Perhaps most disheartening about the report is the indication that DOL is considering instituting fees for the PERM process. Today, filing a prevailing wage request and a labor certification is free. But, due to a lack of funding to address the growing number of cases and backlogged audits, DOL is looking for filing fees to cover those costs and it is looking to employers. As an example of the need for increased funding, DOL reported that prevailing wage determinations, the first step in the PERM process, now take longer than 60 days to reach a determination due to a lack of staffing and funding. While there was no indication when filing fees would be implemented, they are on the horizon.
Another issue mentioned in the report is the job title of the offered position. Employers often have their own ideas about how they want to title a position, what experience will be required, where and how they want to recruit, and how much the salary will be. These ideas rarely align with DOL’s expectations, especially the job title and salary. For example, the DOL report confirmed that positions with words like “Senior,” “Chief,” or “Journeyman” in the title will merit a higher salary, often $8,000 to $12,000 more than expected, even if the position is entry-level. Employers should be mindful of this before adding arbitrary titles to entry-level positions because it will make a difference in DOL’s salary assignment.
Also, when an employer is recruiting for a position that requires three years of experience and a specific skill (like C++ programming), they need to be sure that their intended foreign worker has both three years of experience and three years of that specific skill. DOL has been issuing denials over imputed quantification of the specific skill. DOL acknowledged this practice in the report and did not express any desire to change. Likewise, DOL has been unkind to employers who describe the salary as “competitive,” “negotiable,” or “depends on experience,” or who fail to include any offered housing in the advertising language.
The PERM process is unforgiving, but if employers have a better idea of what to expect, and how to align their business needs with DOL regulations, chances of a successful PERM filing increase dramatically. This is best accomplished when employers are educated about the basics of PERM applications and work with their attorneys.
On April 18th, the U.S. Supreme Court considered United States v. Texas, a politically charged lawsuit about the legality of some of President Barack Obama’s executive actions on immigration. The initiatives in dispute — expanded Deferred Action for Childhood Arrivals (DACA) and Deferred Action for Parents of Americans and Lawful Permanent Residents (DAPA) — have been on hold since a district court in Texas issued a preliminary injunction in the case in February 2015. A Supreme Court decision in favor of the United States could clear the way for the initiatives to go forward as early as June 2016 and provide temporary relief from deportation to as many as 3.7 million people.
The case now before the Supreme Court involves a lawsuit filed in federal district court in the Southern District of Texas by 26 states seeking to block implementation of the President’s plan to expand DACA and implement DAPA. The states claim that expanded DACA and DAPA violate federal laws and the Constitution.
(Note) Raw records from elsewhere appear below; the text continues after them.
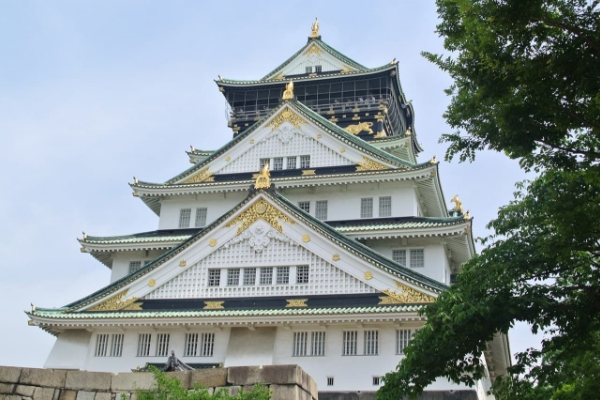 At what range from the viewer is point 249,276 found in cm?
2961

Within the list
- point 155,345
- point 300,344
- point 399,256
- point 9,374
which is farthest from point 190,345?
point 9,374

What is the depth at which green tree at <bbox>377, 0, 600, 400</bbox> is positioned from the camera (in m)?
12.4

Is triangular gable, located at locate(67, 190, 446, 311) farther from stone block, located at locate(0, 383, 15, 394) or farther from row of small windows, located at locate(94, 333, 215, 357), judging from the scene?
stone block, located at locate(0, 383, 15, 394)

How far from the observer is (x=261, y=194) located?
98.1 ft

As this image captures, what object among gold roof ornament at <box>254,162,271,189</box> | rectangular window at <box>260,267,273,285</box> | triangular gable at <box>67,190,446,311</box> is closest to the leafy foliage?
triangular gable at <box>67,190,446,311</box>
Specifically, they make the following claims:
- Expanded DACA and DAPA violate the “Take Care Clause” of the Constitution, which states that the President must “take Care that the laws be faithfully executed.”
- Expanded DACA and DAPA violate the Administrative Procedure Act (APA) because these initiatives are arbitrary and capricious or otherwise not in accordance with the immigration laws.
- The federal government did not comply with certain technical procedural requirements under the APA, including notice-and-comment rulemaking, before it announced the expanded DACA and DAPA initiatives.
The Supreme Court is considering whether the states have standing, or legal capacity, to bring the lawsuit. In addition, the Court may consider whether expanded DACA and DAPA are lawful or whether they violate the Constitution or the APA.
Should the Justices reach a 4-4 decision, rather than a majority, the Fifth Circuit’s decision would remain intact. As a result, the injunction preventing implementation of DAPA and expanded DACA would remain in place, and the district court would proceed to the merits of the case.
Effective May 10, a new rule published by the Department of Homeland Security (DHS) will make a big difference for foreign students majoring in STEM (science, technology, engineering, mathematics) fields. In an effort to attract and retain more foreign students, DHS is permitting a 24-month extension for foreign students who have U.S. STEM degrees and are doing their Optional Practical Training (OPT) in a STEM field. The current rules allow for a 17-month extension for STEM students after their one year of OPT if their employers participate in E-Verify. While the new rule creates opportunities for foreign students, employers will have additional paperwork requirements in order for their foreign student employees to take advantage of the extension.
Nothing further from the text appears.